Tradisi ini dilakukan dengan menghias telur rebus menggunakan bunga kertas, lalu menancapkannya pada batang pohon pisang yang juga dipenuhi hiasan. Rangkaian hiasan tersebut kemudian diarak keliling kampung menggunakan becak sambil melantunkan syair pujian kepada Nabi Muhammad SAW.
Dalam sebuah kajian di kanal YouTube Al Wafa Tarim, Pengasuh Pondok Pesantren Salafiyah Syafi’iyah Sukorejo Situbondo, KHR Ahmad Azaim Ibrahimy mengungkapkan, tradisi Endhog-Endhogan digagas oleh ulama kharismatik Banyuwangi, KH Abdullah Faqih dari Cemoro, Songgon.
Ada pula riwayat yang menyebut tradisi ini bermula dari amanah Syaikhona Kholil Bangkalan yang disampaikan kepada salah satu santrinya di Banyuwangi.
“Tradisi ini digagas oleh seorang kiai bernama KH Abdullah Faqih dari Cemoro, Songgon, Banyuwangi dan beberapa informasi lagi adalah amanat yang diberikan oleh KH Kholil Bangkalan kepada salah seorang santri beliau di Banyuwangi yang kemudian pesan inspiratif Ini diterjemahkan dalam tradisi Endog,” jelas Kiai Azaim.
Lebih dari sekadar hiasan, telur atau endog dalam tradisi ini menyimpan makna mendalam.
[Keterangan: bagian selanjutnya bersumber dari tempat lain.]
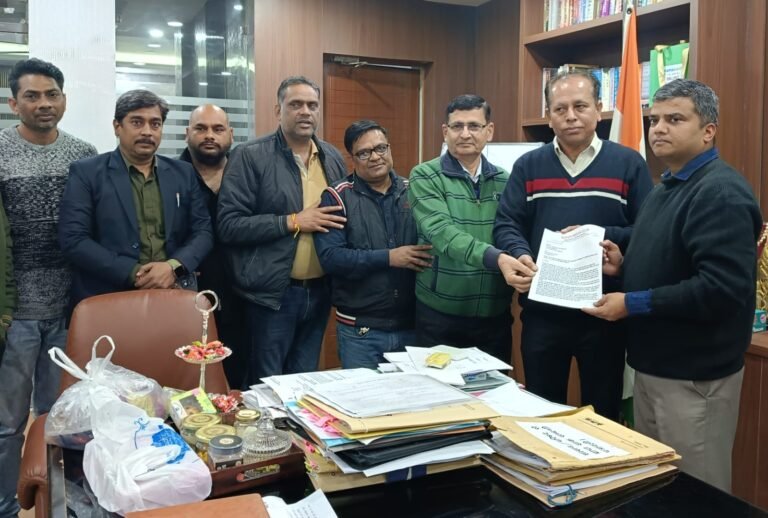 Noida पत्रकारों ने सौपा जिलाधिकारी मनीष वर्मा को ज्ञापन
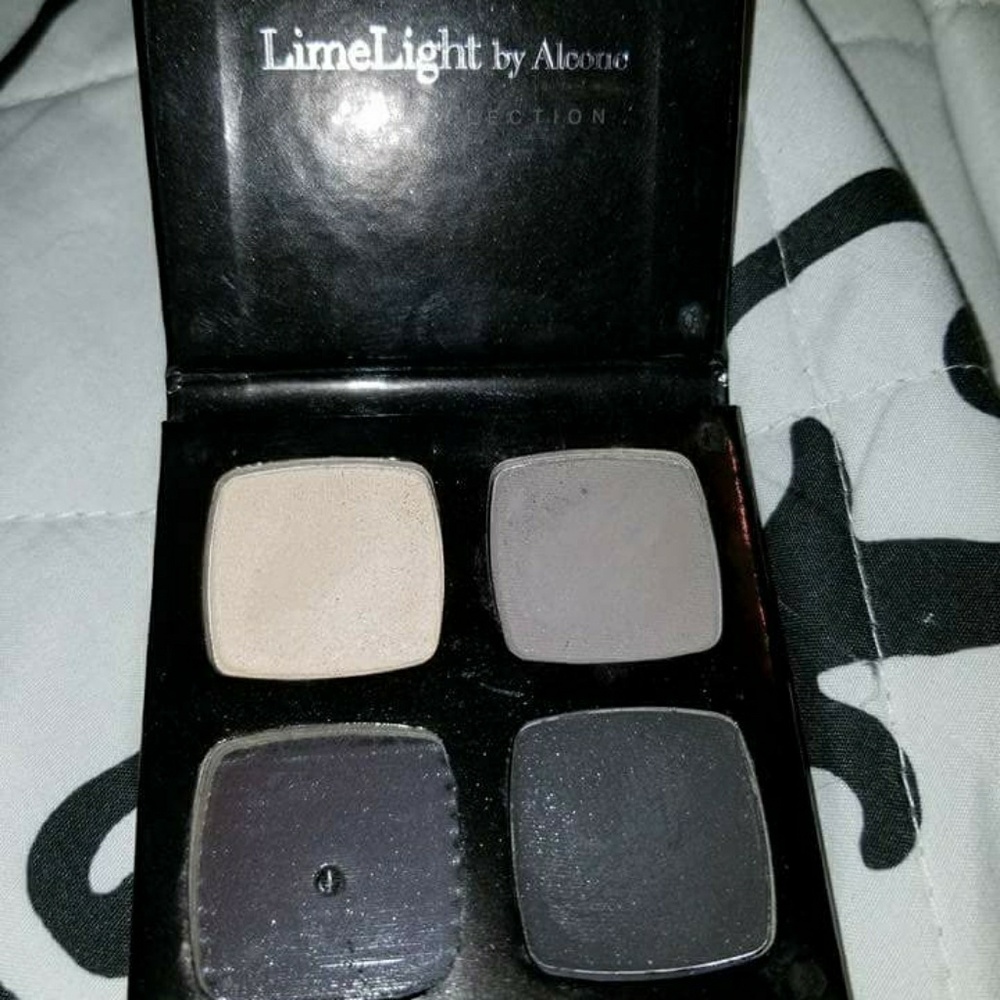 Eye shadows
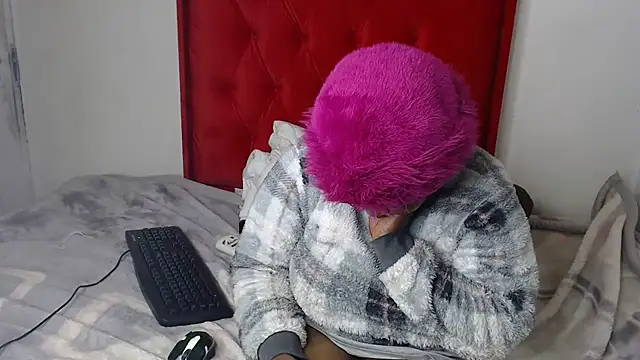 African_Busty webcam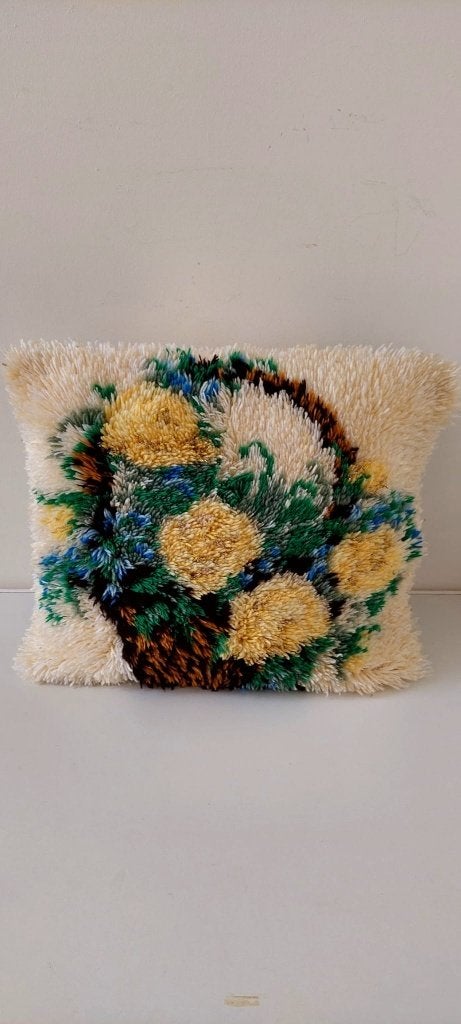 Vintage handgemaakt Smyrna kussen – Bloemenmand 70s / 80s, Gebruikt, Eu, Vierkant, Ophalen of Verzenden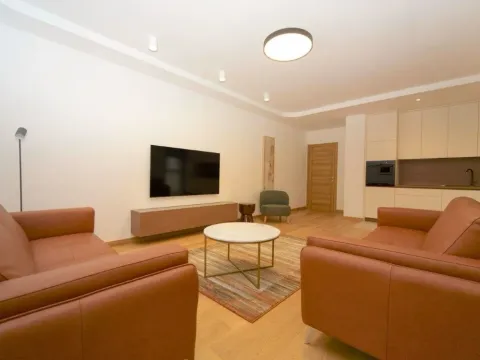 Rent, three bedroom apartment, 104m², City Kvart, Podgorica - image 1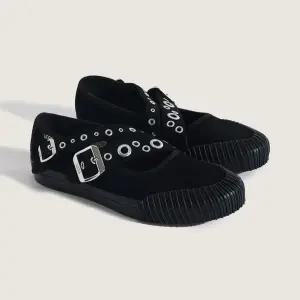[AK플라자] [VANS] 여성 메리 제인 스트랩 단화 VN000D9ABLA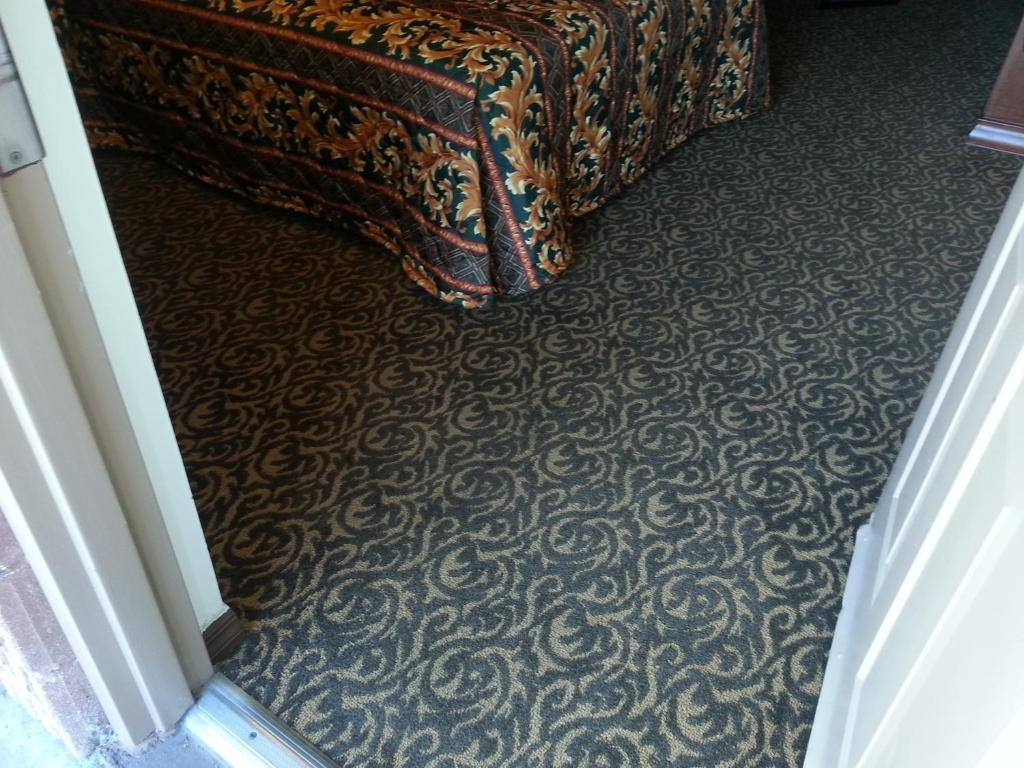 East Lake Inn Orient Park Room photo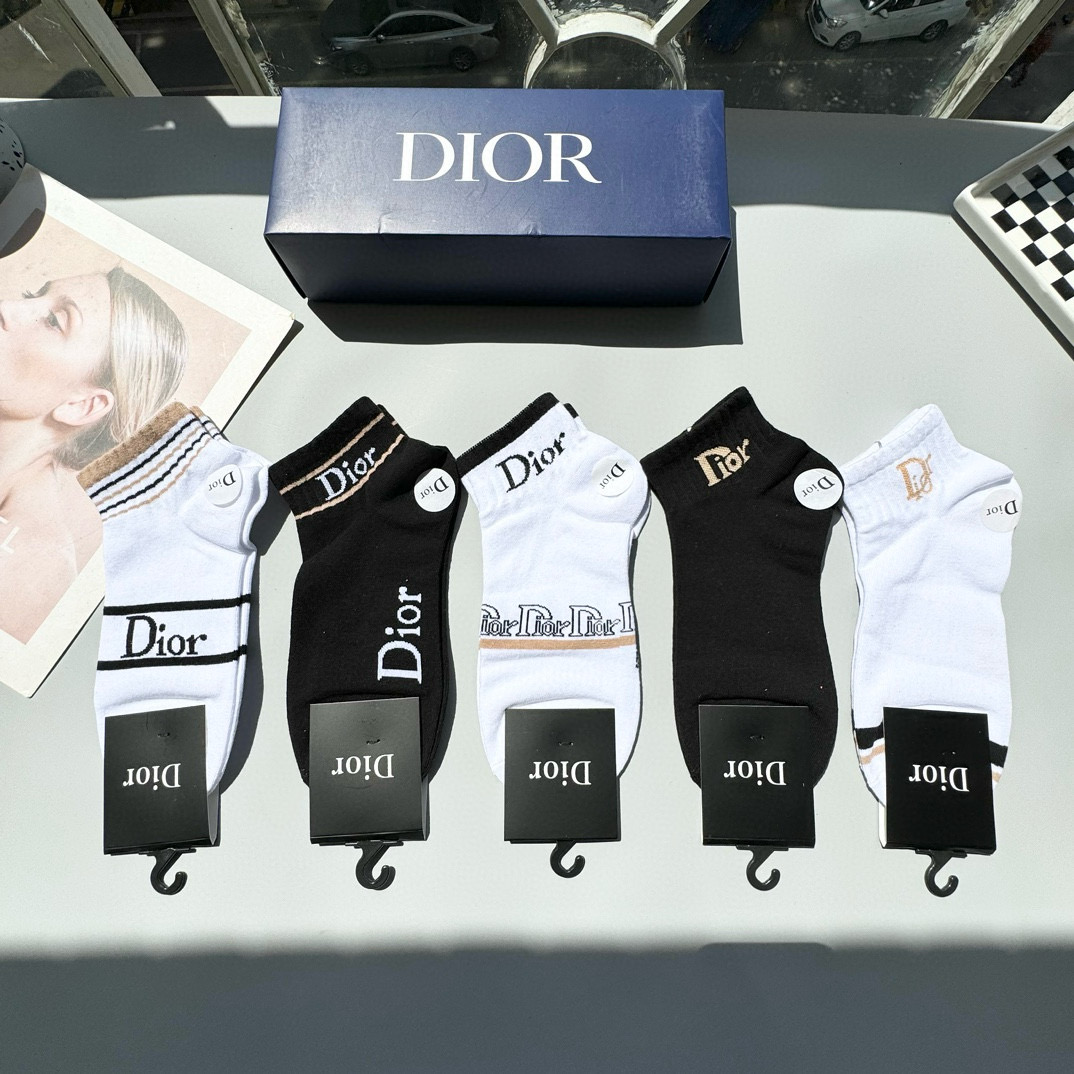  配包装【一盒五双】DIOR 迪奥ins超火爆小单品，Vintage 必备单品 短款🌟潮人必备 爆款，复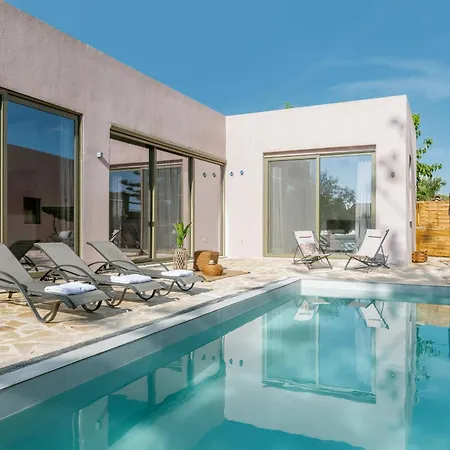 Nopi Exclusive Villa, A Sunlit Retreat By Mindyourvilla Vilă *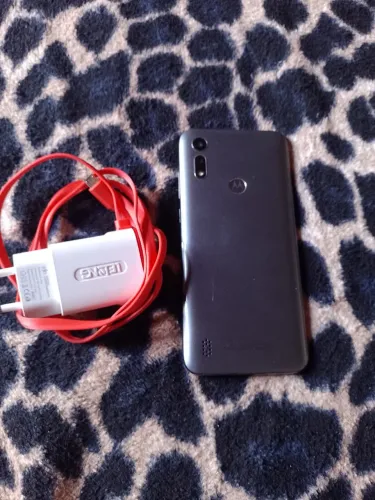 Vendo celular Moto E6s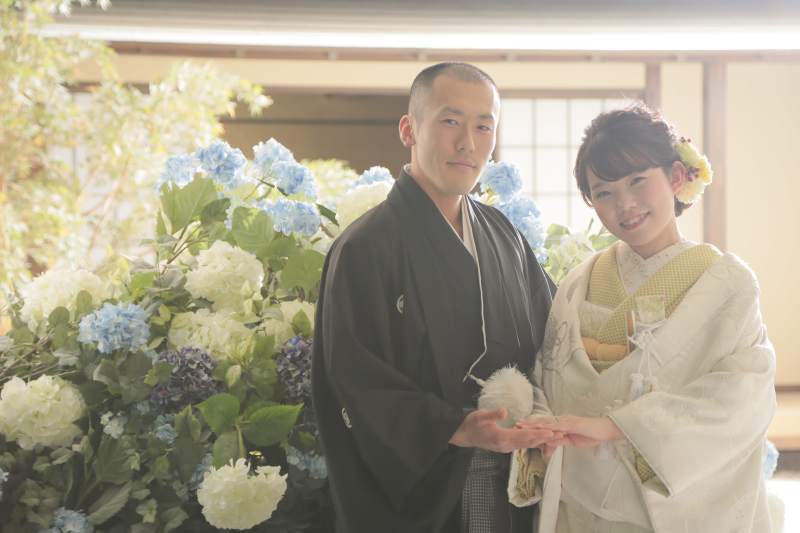 手を取り合って、にっこり♪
Menurut Kiai Azaim, telur menjadi simbol ajaran Islam yang utuh.
“Islam ini laksana seperti telur. Merah-merahnya atau kuningnya itu adalah ihsan. Kemudian bagian putihnya adalah iman dan kulitnya adalah Islam,” katanya.
Penggunaan telur sebagai simbol ini, lanjutnya, dimaksudkan agar masyarakat lebih mudah memahami konsep iman, Islam, dan ihsan dalam satu kesatuan.
Selain pesan spiritual, tradisi Endhog-Endhogan juga memiliki dimensi sosial. Setelah pembacaan kitab Barzanji selesai, hiasan telur tersebut biasanya diperebutkan oleh masyarakat, terutama anak-anak.
"Dan pesan sosialnya bahwa endhog-endhogan ini nanti direbut, diambil oleh seluruh hadirin setelah pembacaan maulid Barzanji," ungkap cucu KHR As’ad Syamsul Arifin ini.
Setelah membaca Barzanji, masyarakat, terutama anak kecil lantas merebut telur-telur itu yang diyakini bahwa itu adalah berkah dari sholawat yang sudah dibaca.
Dengan demikian, tradisi Endhog-Endhogan bukan hanya menjadi bentuk kecintaan masyarakat Banyuwangi kepada Nabi Muhammad SAW, tetapi juga menjadi sarana pendidikan iman serta pengikat kebersamaan sosial.